Most people freely attach devices to the Internet throughout their home without contemplating any privacy risk, but a recent home inspection of “network-attached storages (NAS), Smart TVs, router, Blu-ray player” by Kaspersky Lab security analyst David Jacoby proved otherwise. As a result of this inspection a report was issued entitled “Hacking a Living Room: Kaspersky Lab Finds Multiple Vulnerabilities in Popular Connected Home Entertainment Devices” which included these three vulnerabilities:
1. Remote code execution and weak passwords: The most severe vulnerabilities were found in the network-attached storages. Several of them would allow an attacker to remotely execute system commands with the highest administrative privileges. The tested devices also had weak default passwords, lots of configuration files had the wrong permissions and they also contained passwords in plain text. In particular, the default administrator password for one of the devices contained just one digit. Another device even shared the entire configuration file with encrypted passwords to everyone on the network.

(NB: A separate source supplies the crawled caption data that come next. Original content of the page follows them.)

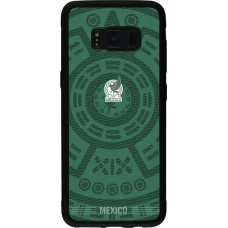 Samsung Galaxy S8 Case Hülle - Silikon schwarz Mexiko 2026 personalisierbares Fussballtrikot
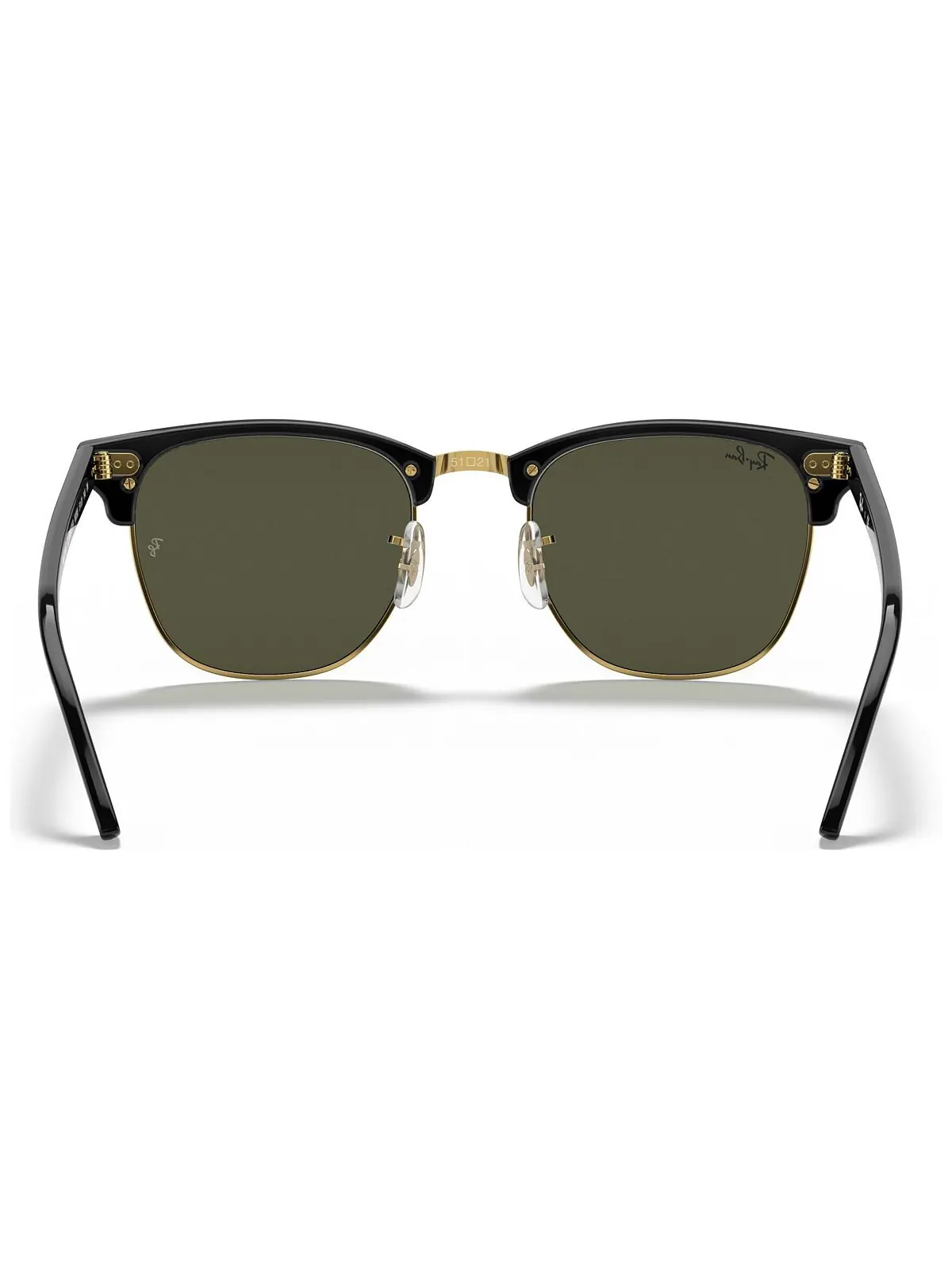 Солнцезащитные очки унисекс с низкой перемычкой, RB3016F CLUBMASTER CLASSIC 55 Ray-Ban — изображение 9 из 11, коричневый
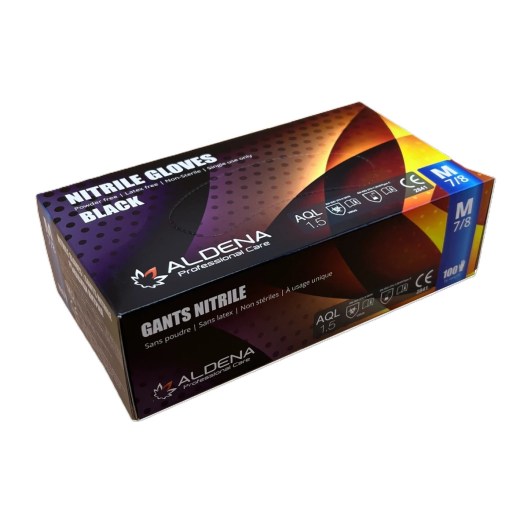 ALDENA NITRILE GLOVES-BLACK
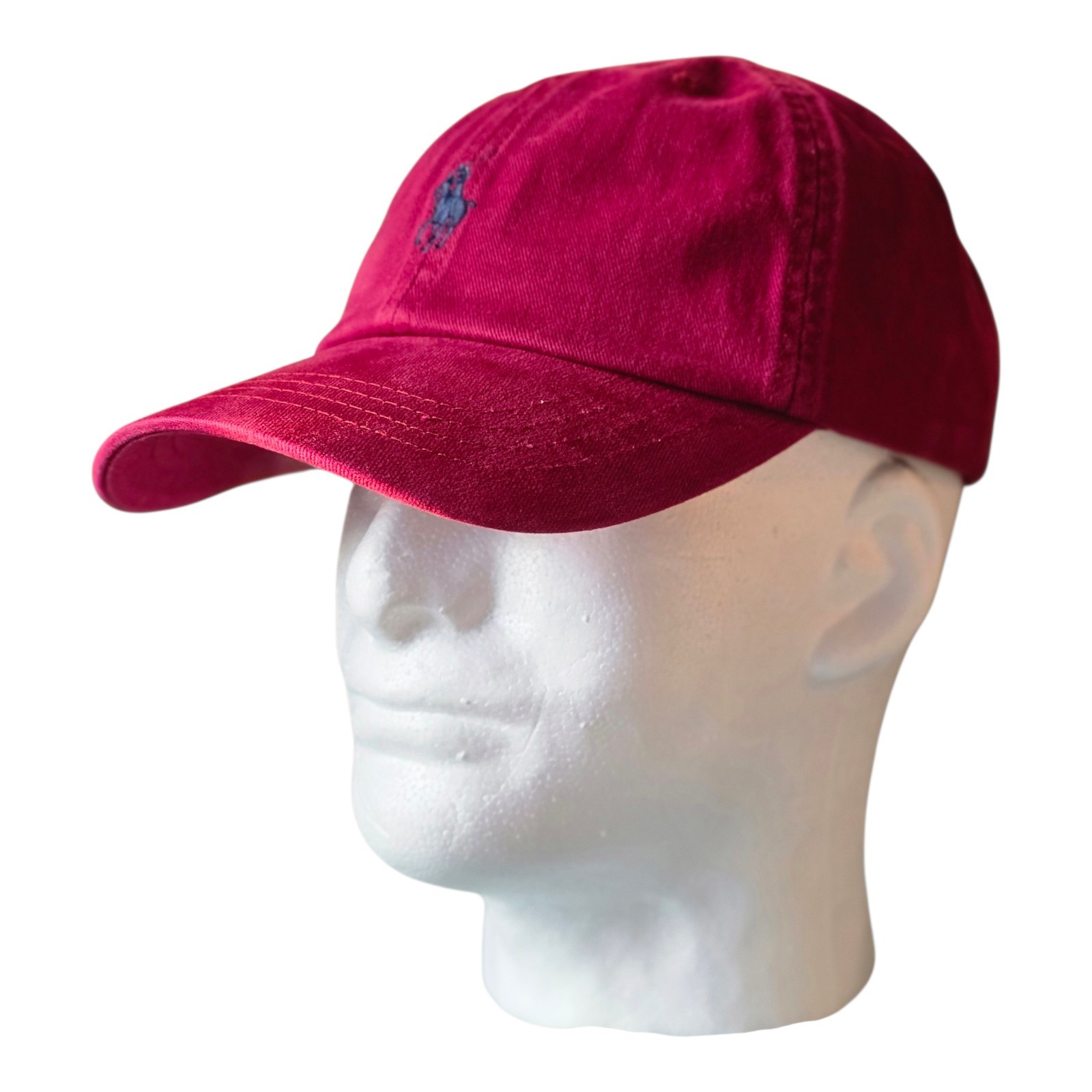 Polo Ralph Lauren Men’s One Size Cotton Chino Adjustable Ball Cap Maroon Wine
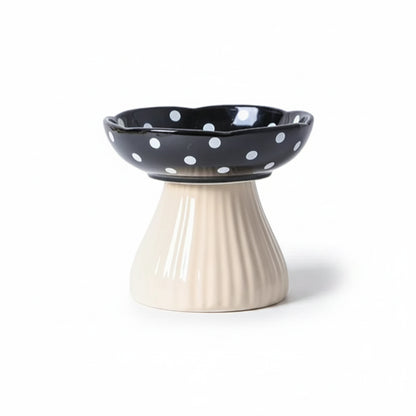 Shale, Mushroom Resin Feeding Bowl for Cats
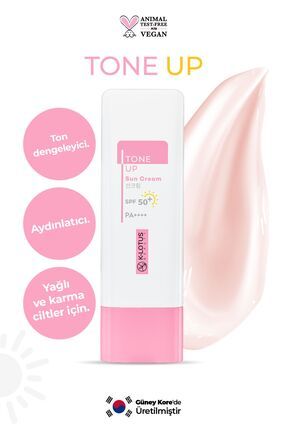 Tone Up Kore Ton Dengeleyici Ve Aydınlatıcı Yüz Güneş Kremi Spf50+ Pa++++ 50 ml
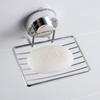 Silver Soap Box Strong Suction Soap Storage Rack Creative Soap Dish Holder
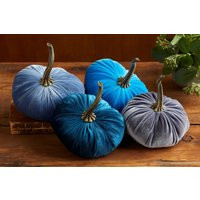 Velvet Pumpkins Set of 4, fall wedding centerpiece, modern rustic decor, shabby chic mantle decor, gift for her, best selling item | Etsy (US)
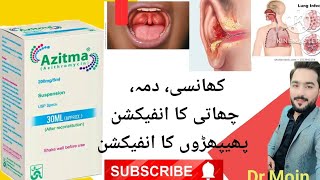 Azitma syrup uses in urduAzitma suspension 200mg5mlAzithromycindrafzalcriticalcaremedicine [upl. by Pirnot]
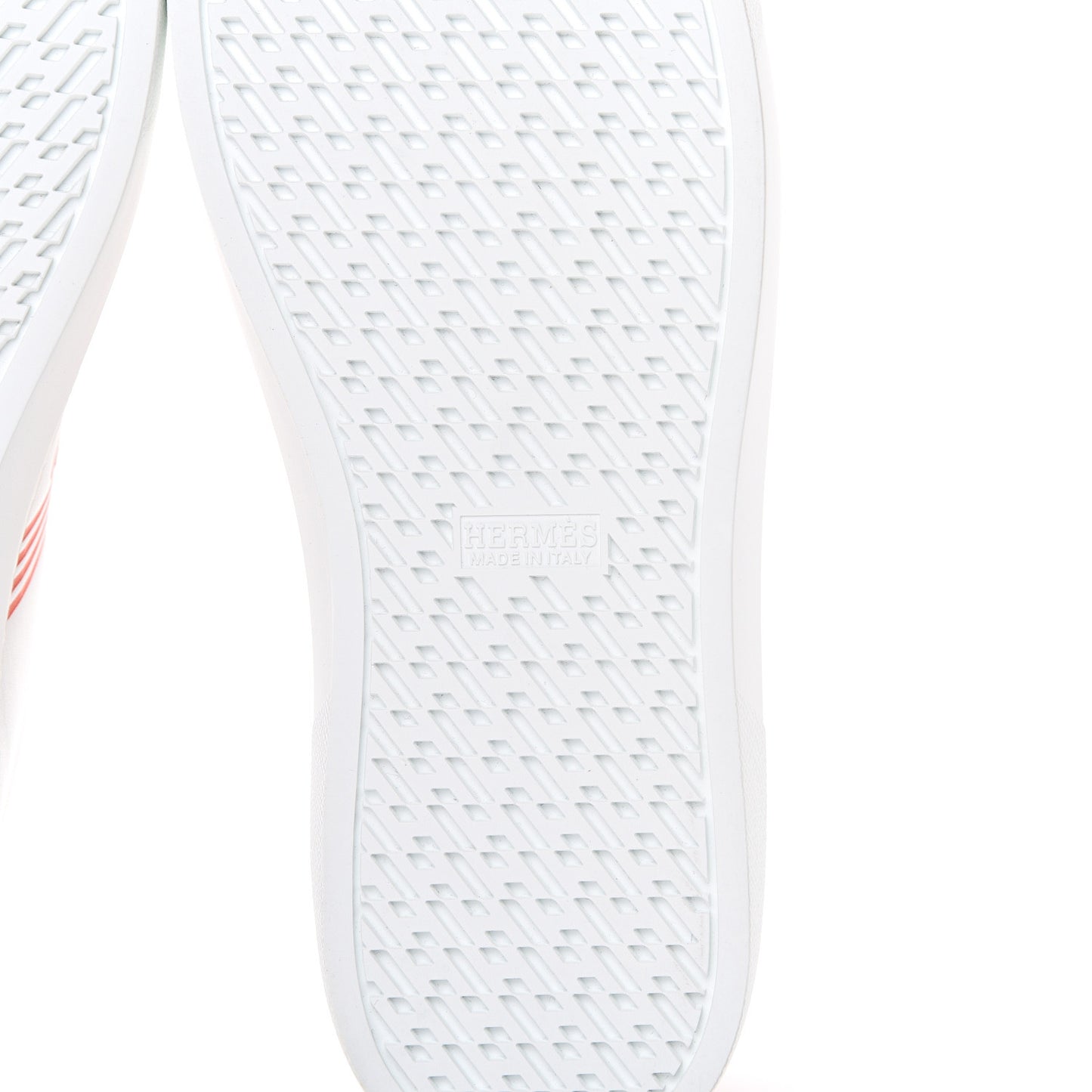 Calfskin Womens Advantage Sneakers 41 White Orange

2. Man-in-the-Middle via Smart TV: While investigating the security level of his own Smart TV, the Kaspersky researcher discovered that no encryption is used in communication between the TV and the TV vendor’s servers. That potentially opens the way for Man-in-the-Middle attacks that could result in the user transferring money to fraudsters while trying to buy content via the TV. As a proof of concept, the researcher was able to replace an icon of the Smart TV graphic interface with a picture. Normally the widgets and thumbnails are downloaded from the TV vendor’s servers and due to the lack of encrypted connection the information could be modified by a third party. The researcher also discovered that the Smart TV is able to execute Java code that, in combination with the ability to intercept the exchange of traffic between the TV and Internet, could result in exploit-driven malicious attacks.
3. Hidden spying functions of a router: The DSL router used to provide wireless Internet access for all other home devices contained several dangerous features hidden from its owner. According to the researcher, some of these hidden functions could potentially provide the ISP (Internet Service Provider) remote access to any device in a private network. What’s more important is that, according to the results of the research, sections of the router web interface called “Web Cameras”, “Telephony Expert Configure”, “Access Control”, “WAN-Sensing” and “Update” are “invisible” and not adjustable for the owner of the device. They could only be accessed via exploitation of a rather generic vulnerability making it possible to travel between sections of the interface (that are basically web pages, each with own alphanumeric address) by brute forcing the numbers at the end of the address.
What IoT cyber risks do you have in your home? If you do not know, you probably have a problem!